I think we should at least consider alternative strategies to achieve the printing improvements in this PR.

What alternative strategies do you offer?

[Janno]

What alternative strategies do you offer?

The question wasn't direct at me but I wonder if one alternative could be a new kind of cast. A lot of tactics already know to deal with casts and even if the current behavior for casts would need to be adapted at least the adaptation would be a in place that would not be surprising at all for developers precisely because casts already need special handling now.

[gares]

I've mixed feelings about casts. They are source of bugs in many places, but using them here could solve the universe polymorphism problem. x "reverse corced" to x' would be represented as Cast( x' , CastReverseCoercion x) and the pretty printer would display x in normal mode, and x' in printing all mode.

The only problem is that Cast reaches the kernel, and one has to add a line saying that CastReverseCoercion has nothing to do with typing, only with displaying. Hence I summon @coq/kernel-maintainers to get their opinion.

[proux01]

@coqbot run full ci

[tabareau]

@coqbot merge now

[andres-erbsen]

What happened here? (Right until the merge I was under the impression that this was blocked on finding a satisfactory story for tactic compatibility, but it looks like it got merged without that?)

[Janno]

I am equally confused. Was there private discussion that isn't reflected in this MR? It would be nice to understand the reasoning.

[Janno]

Seeing #17484 I am now wondering if the new term will result in more difficulties in tactics that construct terms unsafely. It seems that the application of reverse_coercion to its arguments is typechecked automatically but is there any guarantee that the resulting universe constraints are sufficient to typecheck reverse_coercion in the context into which it is inserted (assuming it would have typechecked without the added reverse_coercion term)?

If this is guaranteed, why did HB need changes?

Also, given that every inserted reverse_coercion term gets fresh universes should this MR have had a benchmark? There could be Qed performance regressions. (Although I am not sure we would catch them given how reverse coercions in general are relatively new and probably not often used.)

[proux01]

If this is guaranteed, why did HB need changes?

HB was designed at a time coq-elpi had no support for universe polymorphism so this kind of bug was somewhat expected.

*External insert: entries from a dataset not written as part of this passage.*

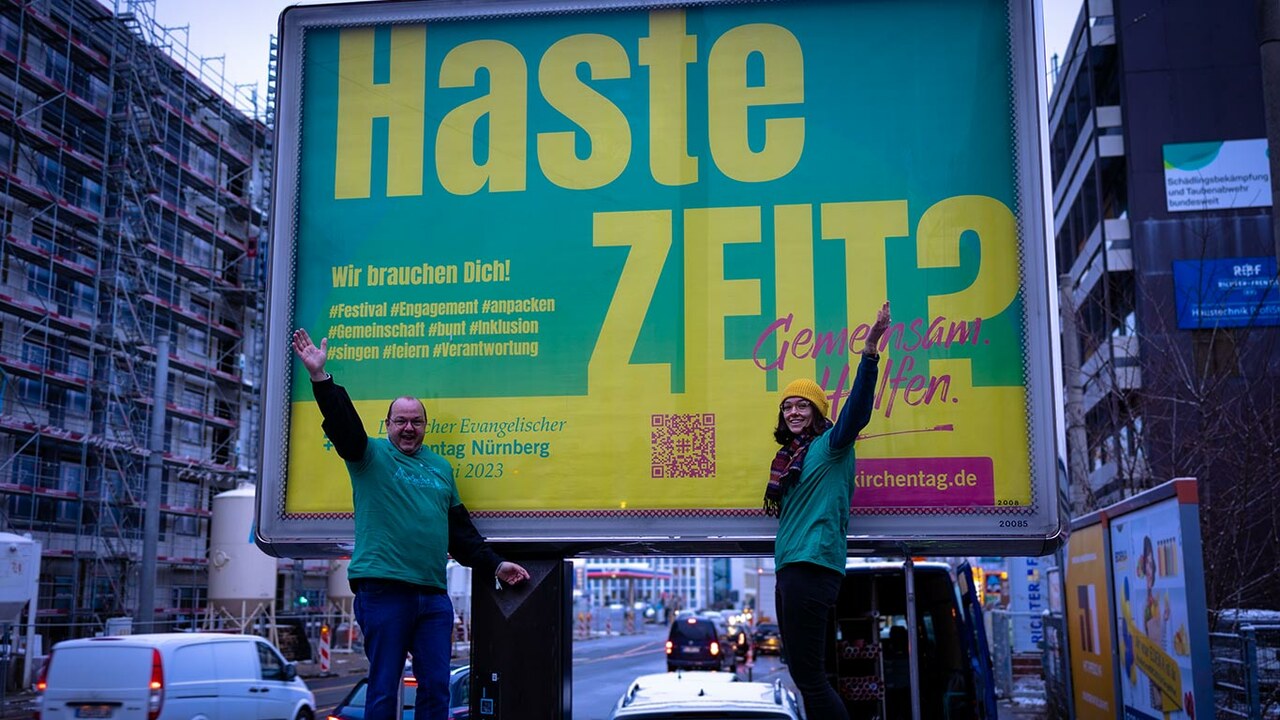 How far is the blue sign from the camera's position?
3875 centimetres

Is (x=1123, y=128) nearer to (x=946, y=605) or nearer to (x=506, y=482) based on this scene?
(x=946, y=605)

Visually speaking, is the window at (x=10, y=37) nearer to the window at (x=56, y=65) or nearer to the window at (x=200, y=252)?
the window at (x=56, y=65)

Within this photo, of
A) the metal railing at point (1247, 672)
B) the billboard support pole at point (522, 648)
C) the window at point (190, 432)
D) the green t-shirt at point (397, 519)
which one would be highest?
the window at point (190, 432)

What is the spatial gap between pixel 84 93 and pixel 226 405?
562 inches

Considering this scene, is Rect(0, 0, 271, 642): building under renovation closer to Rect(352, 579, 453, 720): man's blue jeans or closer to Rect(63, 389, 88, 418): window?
Rect(63, 389, 88, 418): window

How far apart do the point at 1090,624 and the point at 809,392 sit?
7.28 metres

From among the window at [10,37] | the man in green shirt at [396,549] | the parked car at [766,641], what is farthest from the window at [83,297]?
the man in green shirt at [396,549]

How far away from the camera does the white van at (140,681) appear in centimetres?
1596

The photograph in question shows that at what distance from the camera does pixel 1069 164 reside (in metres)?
52.9

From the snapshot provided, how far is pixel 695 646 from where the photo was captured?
33.6 m

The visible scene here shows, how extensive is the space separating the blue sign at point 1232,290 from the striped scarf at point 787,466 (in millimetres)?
36438

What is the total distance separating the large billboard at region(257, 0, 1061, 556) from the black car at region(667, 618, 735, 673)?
2806cm

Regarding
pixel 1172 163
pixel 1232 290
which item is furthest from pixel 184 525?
pixel 1172 163

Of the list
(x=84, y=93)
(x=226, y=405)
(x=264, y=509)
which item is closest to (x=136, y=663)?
(x=264, y=509) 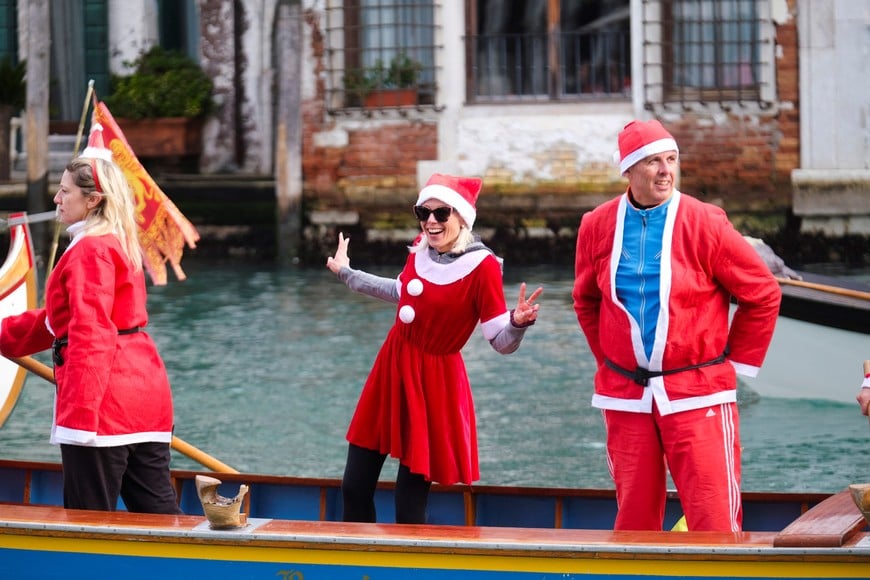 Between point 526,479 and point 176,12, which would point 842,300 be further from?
point 176,12

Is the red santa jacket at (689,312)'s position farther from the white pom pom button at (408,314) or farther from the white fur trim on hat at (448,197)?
the white pom pom button at (408,314)

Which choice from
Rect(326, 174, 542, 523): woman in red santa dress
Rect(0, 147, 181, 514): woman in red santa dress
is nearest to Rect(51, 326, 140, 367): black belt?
Rect(0, 147, 181, 514): woman in red santa dress

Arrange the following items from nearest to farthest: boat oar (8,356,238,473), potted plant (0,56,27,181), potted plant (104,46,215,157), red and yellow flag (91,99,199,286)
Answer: boat oar (8,356,238,473) → red and yellow flag (91,99,199,286) → potted plant (104,46,215,157) → potted plant (0,56,27,181)

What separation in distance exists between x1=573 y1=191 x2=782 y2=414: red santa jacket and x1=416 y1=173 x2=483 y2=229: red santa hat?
0.44 m

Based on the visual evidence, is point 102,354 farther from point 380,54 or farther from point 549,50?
point 549,50

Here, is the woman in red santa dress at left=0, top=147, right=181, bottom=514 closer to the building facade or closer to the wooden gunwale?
the wooden gunwale

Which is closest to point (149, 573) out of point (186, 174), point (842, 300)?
point (842, 300)

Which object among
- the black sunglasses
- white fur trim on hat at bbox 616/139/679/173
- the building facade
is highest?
the building facade


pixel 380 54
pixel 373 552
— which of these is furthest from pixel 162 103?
pixel 373 552

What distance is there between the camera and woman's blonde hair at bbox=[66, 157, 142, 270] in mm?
3965

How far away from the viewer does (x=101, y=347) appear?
153 inches

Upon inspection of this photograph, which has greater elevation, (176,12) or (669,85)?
(176,12)

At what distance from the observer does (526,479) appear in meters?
6.91

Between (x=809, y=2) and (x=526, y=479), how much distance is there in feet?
25.4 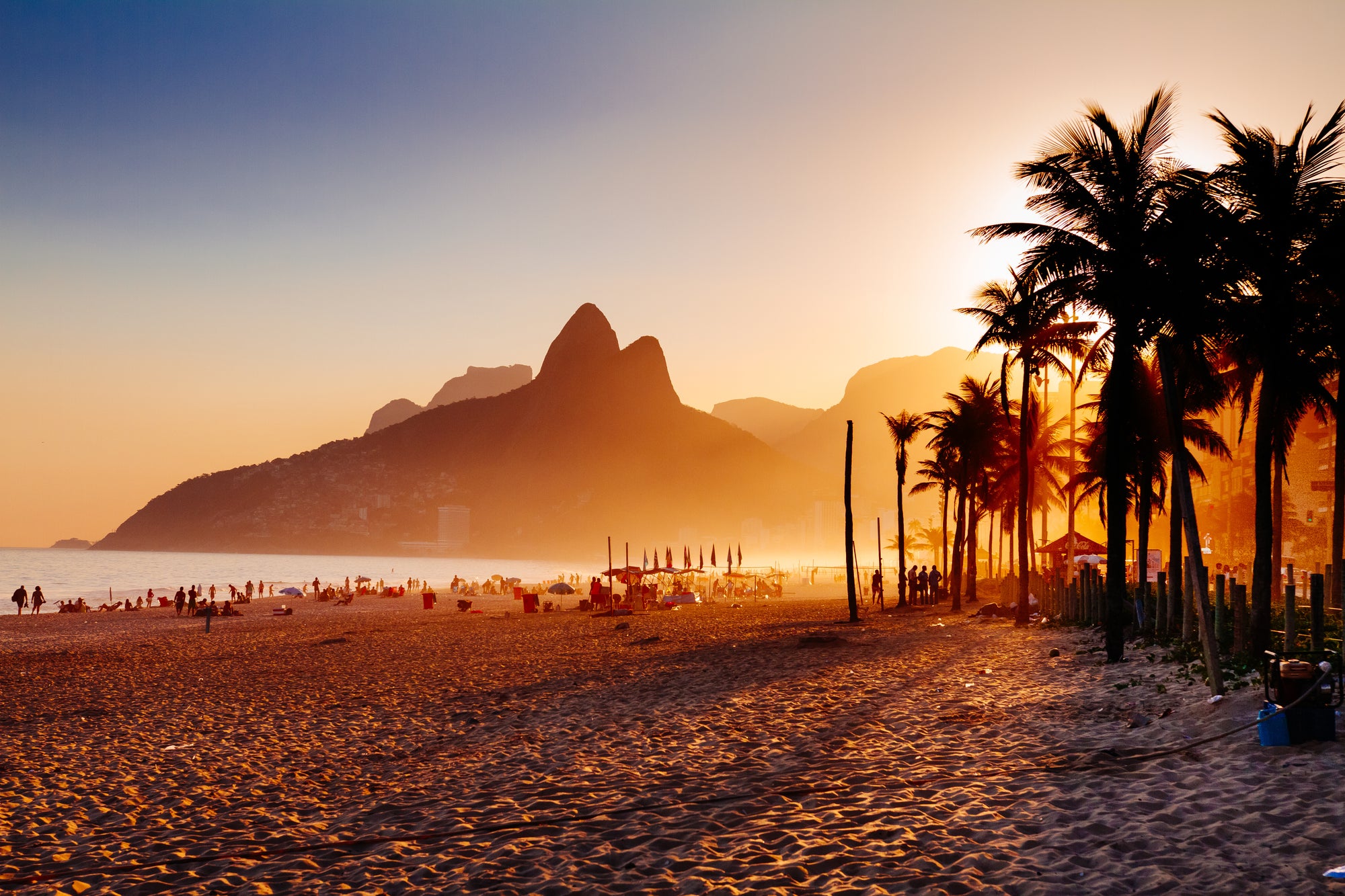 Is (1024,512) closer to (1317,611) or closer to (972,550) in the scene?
(1317,611)

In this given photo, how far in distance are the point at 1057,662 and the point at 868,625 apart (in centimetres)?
1235

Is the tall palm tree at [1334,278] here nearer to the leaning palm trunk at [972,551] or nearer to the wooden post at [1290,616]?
the wooden post at [1290,616]

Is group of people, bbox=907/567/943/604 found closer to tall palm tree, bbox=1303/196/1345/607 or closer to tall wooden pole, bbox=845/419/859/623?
tall wooden pole, bbox=845/419/859/623

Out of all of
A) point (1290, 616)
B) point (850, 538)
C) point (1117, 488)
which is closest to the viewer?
point (1290, 616)

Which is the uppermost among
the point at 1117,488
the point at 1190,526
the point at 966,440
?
the point at 966,440

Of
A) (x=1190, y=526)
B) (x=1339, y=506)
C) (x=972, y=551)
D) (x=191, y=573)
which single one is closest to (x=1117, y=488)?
(x=1190, y=526)

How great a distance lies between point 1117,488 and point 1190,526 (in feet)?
19.6

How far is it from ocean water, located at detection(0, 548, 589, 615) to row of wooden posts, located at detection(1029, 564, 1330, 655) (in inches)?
2399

Also, given that every inserted reverse_coercion term gets fresh universes should this MR have had a benchmark? There could be Qed performance regressions. (Although I am not sure we would catch them given how reverse coercions in general are relatively new and probably not often used.)

You have your answer, reverse coercions are too recent to get enough use in the CI codebase for a benchmark to be of any interest.

[gares]

If this is guaranteed, why did HB need changes?

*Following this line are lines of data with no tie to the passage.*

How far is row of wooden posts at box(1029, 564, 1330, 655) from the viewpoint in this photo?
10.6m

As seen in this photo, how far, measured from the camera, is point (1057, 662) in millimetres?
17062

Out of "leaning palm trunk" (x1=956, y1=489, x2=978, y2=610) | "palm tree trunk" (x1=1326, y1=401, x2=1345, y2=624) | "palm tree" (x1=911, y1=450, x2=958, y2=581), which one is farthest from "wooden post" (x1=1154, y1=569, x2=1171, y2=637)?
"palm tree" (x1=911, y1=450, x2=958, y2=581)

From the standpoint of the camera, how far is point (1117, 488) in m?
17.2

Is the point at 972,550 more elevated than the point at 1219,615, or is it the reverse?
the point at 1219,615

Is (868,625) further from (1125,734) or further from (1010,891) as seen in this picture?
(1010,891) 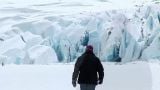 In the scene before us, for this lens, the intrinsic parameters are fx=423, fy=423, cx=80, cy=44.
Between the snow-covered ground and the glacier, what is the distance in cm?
43

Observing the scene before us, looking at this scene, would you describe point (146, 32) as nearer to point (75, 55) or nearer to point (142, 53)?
point (142, 53)

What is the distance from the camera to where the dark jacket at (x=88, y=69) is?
4410 millimetres

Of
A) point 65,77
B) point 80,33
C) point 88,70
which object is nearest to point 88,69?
point 88,70

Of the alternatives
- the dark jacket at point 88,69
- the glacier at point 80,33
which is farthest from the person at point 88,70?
the glacier at point 80,33

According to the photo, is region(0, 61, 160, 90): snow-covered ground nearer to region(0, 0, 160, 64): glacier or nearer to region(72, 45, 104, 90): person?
region(0, 0, 160, 64): glacier

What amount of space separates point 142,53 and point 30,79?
3.25 meters

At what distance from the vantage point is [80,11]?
37.3 ft

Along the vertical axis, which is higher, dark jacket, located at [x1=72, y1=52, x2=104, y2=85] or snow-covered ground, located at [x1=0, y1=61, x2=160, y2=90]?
dark jacket, located at [x1=72, y1=52, x2=104, y2=85]

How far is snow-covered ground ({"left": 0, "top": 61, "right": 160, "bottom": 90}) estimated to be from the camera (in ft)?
24.2

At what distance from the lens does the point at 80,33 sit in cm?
1083

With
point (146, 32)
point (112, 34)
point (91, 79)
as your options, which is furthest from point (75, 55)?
point (91, 79)

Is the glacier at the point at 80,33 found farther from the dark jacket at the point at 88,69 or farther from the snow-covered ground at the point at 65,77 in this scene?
the dark jacket at the point at 88,69

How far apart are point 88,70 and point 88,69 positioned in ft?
0.03

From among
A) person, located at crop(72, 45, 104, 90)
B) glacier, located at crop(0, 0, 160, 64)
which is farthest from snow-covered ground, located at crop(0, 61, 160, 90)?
person, located at crop(72, 45, 104, 90) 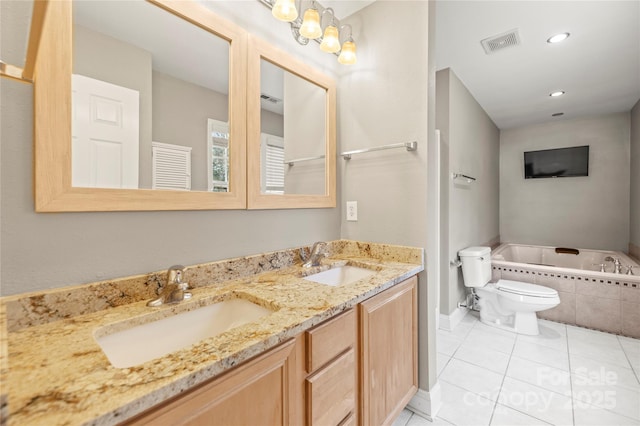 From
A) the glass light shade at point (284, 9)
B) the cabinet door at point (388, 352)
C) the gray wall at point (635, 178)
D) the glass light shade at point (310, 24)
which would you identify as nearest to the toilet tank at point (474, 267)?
the cabinet door at point (388, 352)

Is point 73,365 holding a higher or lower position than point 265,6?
lower

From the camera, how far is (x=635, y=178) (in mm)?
3354

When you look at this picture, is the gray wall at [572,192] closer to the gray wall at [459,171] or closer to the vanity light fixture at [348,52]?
the gray wall at [459,171]

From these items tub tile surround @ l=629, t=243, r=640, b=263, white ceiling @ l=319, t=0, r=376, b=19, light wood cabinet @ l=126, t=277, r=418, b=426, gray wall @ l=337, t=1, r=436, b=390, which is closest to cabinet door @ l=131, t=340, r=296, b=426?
light wood cabinet @ l=126, t=277, r=418, b=426

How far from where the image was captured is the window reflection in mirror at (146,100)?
2.83ft

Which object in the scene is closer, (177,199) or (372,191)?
(177,199)

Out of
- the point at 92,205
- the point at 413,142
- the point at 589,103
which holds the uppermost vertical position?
the point at 589,103

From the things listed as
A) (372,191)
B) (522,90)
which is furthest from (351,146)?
(522,90)

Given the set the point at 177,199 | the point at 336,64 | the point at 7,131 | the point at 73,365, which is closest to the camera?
the point at 73,365

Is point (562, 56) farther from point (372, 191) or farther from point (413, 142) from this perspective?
point (372, 191)

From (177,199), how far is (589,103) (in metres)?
4.90

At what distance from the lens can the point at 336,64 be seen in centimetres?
181

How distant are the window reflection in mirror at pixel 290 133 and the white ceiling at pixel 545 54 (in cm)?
118

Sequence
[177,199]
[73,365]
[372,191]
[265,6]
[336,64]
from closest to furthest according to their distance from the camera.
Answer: [73,365], [177,199], [265,6], [372,191], [336,64]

Since Coq 8.5 a term which is well typed can be rejected by the kernel if it is not accompanied by its universe constraints (even if the kernel is able to infer the missing ones, a bad choice IMO, but that is OT). Tthat explains the bug:
the code in HB was wrongly passing to the kernel well typed terms without all the universe constraints, the extra calls to coq.typecheck are amending that (typecheck is not the kernel typecheck, it is the pretyper one which happily infers the constraint and, in the elpi API, stores then in the current state).

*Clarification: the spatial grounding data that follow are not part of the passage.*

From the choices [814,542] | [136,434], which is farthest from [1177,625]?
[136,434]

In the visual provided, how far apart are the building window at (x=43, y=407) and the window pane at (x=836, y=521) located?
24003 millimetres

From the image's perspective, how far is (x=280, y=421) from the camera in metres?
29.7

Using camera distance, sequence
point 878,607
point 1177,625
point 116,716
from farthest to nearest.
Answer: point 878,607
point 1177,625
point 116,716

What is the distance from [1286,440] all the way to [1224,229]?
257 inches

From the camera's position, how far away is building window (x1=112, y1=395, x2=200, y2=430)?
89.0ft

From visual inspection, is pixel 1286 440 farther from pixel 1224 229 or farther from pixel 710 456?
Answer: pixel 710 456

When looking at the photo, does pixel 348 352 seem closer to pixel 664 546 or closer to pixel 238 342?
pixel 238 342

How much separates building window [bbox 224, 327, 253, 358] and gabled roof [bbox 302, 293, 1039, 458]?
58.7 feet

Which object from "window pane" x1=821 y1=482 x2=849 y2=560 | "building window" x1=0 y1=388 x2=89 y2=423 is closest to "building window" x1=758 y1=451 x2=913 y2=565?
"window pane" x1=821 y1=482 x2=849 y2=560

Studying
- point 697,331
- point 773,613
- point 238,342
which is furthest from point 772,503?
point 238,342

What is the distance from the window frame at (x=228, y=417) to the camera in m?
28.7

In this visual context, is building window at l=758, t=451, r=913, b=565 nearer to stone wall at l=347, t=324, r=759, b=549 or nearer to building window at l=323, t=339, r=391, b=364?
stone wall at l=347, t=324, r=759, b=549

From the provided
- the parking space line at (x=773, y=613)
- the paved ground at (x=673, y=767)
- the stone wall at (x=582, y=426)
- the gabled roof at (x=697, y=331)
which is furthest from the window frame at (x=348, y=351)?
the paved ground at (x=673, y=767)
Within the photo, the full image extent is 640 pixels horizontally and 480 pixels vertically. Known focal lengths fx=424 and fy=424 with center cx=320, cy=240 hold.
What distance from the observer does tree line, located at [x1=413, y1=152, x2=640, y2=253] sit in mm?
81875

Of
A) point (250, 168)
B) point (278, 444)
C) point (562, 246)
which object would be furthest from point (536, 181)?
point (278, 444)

In some sense this patch exposed a bug which was already there (w.r.t. the spec of Coq's kernel).

[Janno]

I am aware of the kernel's requirements. In the kind of automation I write I usually insert strategic calls to typechecking to generate exactly the constraints that are necessary to make the kernel accept the full proof term. In many cases this boils down to typechecking a partial application to which the remaining arguments are then added unsafely. But most of the time we can bypass typechecking entirely since we know exactly that all the constraints are already established by some other mechanism.

I was wondering if I should except breakage from schemes like that due to reverse_coercion possibly showing up with fresh universes.

[gares]

Given your code does not use the feature of reverse coercions, I think you should not see any change.